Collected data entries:
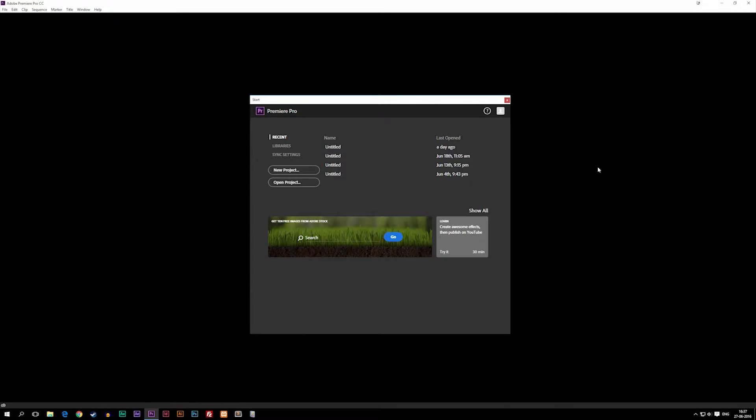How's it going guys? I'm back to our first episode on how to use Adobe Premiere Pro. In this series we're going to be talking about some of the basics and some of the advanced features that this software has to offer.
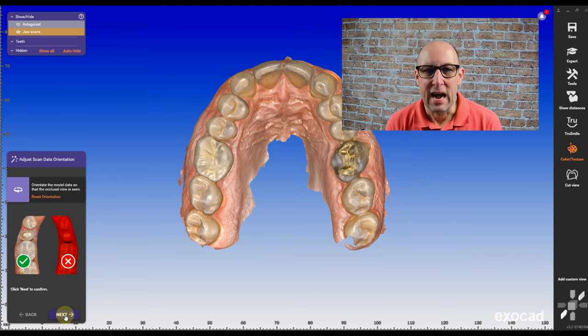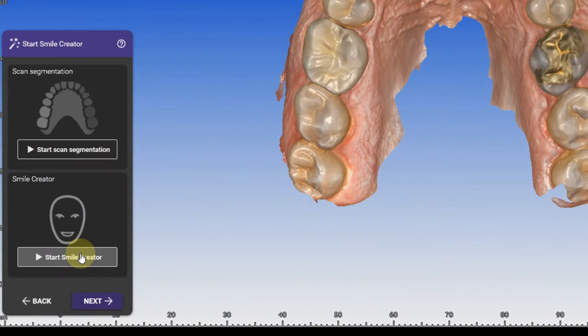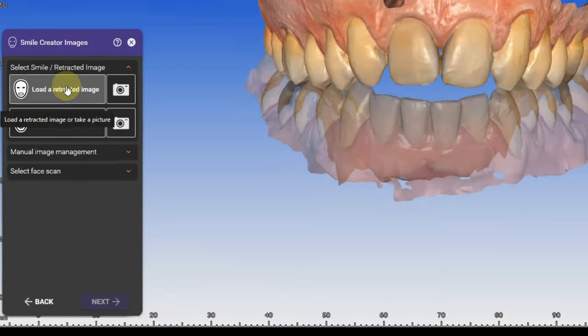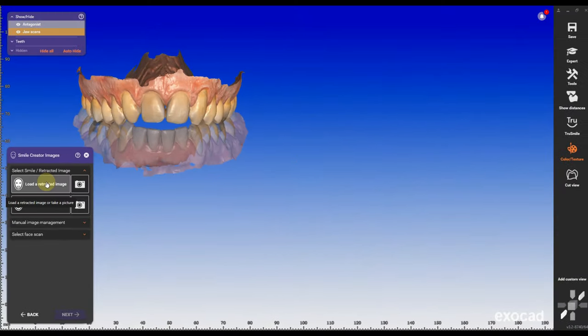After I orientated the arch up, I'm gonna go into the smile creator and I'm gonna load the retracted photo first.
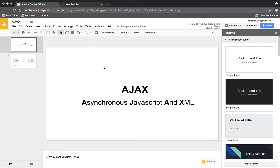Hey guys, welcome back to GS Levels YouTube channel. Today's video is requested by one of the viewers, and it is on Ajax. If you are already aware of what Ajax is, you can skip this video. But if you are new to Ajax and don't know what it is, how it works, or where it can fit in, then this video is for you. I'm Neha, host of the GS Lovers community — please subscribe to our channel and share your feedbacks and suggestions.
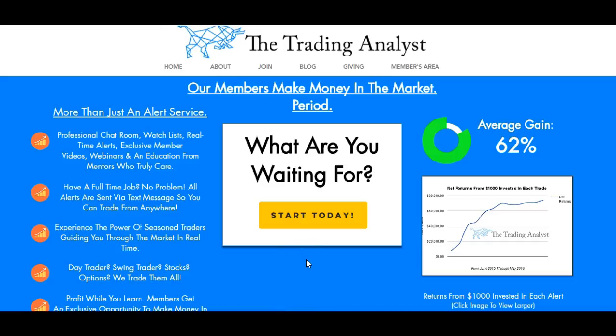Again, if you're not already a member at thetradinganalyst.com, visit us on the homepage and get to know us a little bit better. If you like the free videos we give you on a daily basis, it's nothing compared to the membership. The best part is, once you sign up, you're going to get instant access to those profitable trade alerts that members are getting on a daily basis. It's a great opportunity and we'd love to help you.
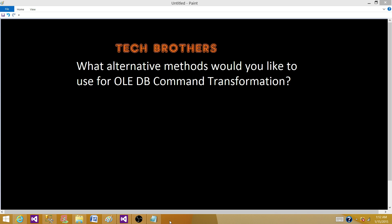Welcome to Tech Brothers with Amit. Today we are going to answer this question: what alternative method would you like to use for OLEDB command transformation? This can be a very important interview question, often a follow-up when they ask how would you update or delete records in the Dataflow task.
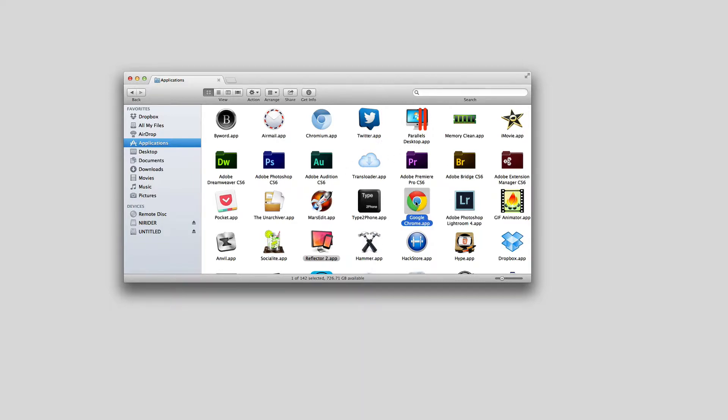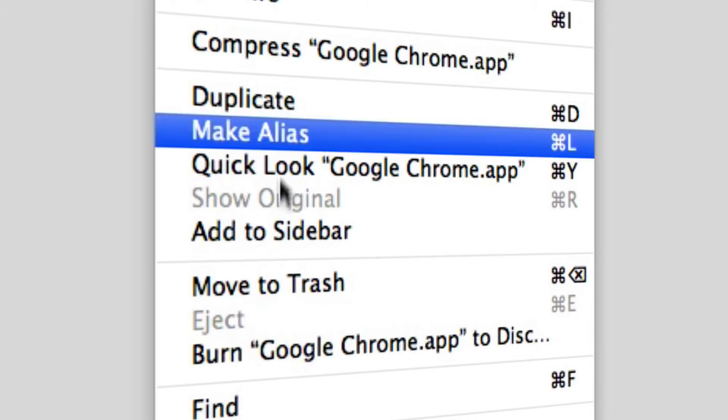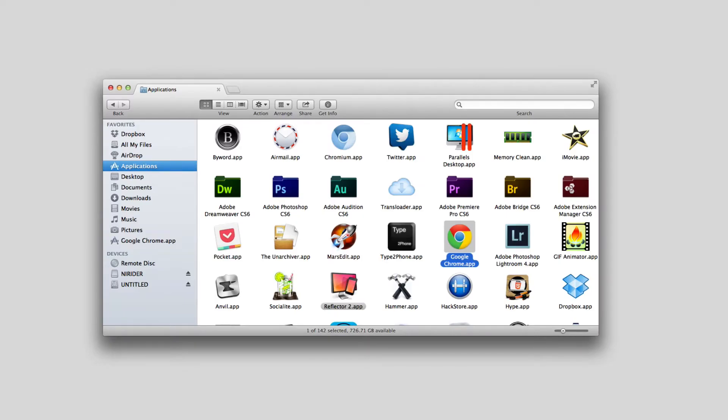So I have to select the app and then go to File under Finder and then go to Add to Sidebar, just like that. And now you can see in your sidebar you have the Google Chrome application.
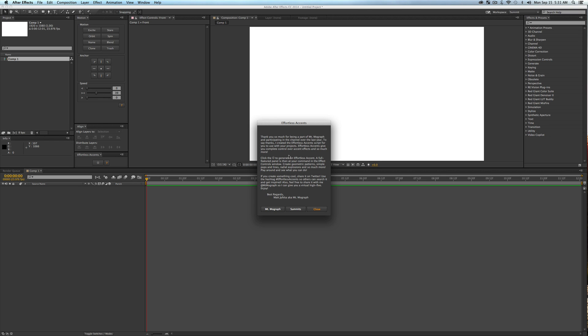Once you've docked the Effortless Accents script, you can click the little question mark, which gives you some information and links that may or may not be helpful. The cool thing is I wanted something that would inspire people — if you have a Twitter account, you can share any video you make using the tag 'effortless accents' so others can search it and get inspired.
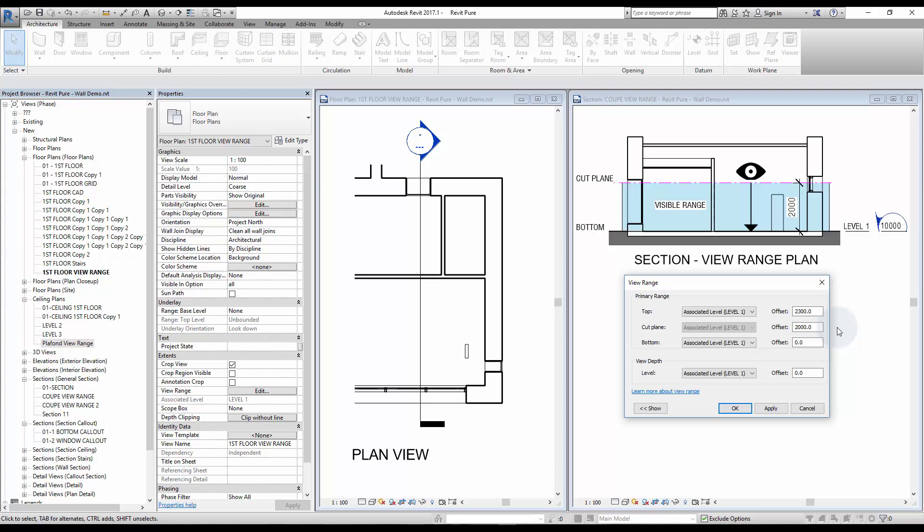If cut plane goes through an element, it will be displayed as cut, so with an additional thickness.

What is required — Starting at the line that holds "Welcome to Tech", retype every line through the end of the data, both ends included. Pictures stay out of the copy.

Reply —
Welcome to Tech Brothers with Amit. Today we are going to answer this question: what alternative method would you like to use for OLEDB command transformation? This can be a very important interview question, often a follow-up when they ask how would you update or delete records in the Dataflow task.
So I have to select the app and then go to File under Finder and then go to Add to Sidebar, just like that. And now you can see in your sidebar you have the Google Chrome application.
Once you've docked the Effortless Accents script, you can click the little question mark, which gives you some information and links that may or may not be helpful. The cool thing is I wanted something that would inspire people — if you have a Twitter account, you can share any video you make using the tag 'effortless accents' so others can search it and get inspired.
If cut plane goes through an element, it will be displayed as cut, so with an additional thickness.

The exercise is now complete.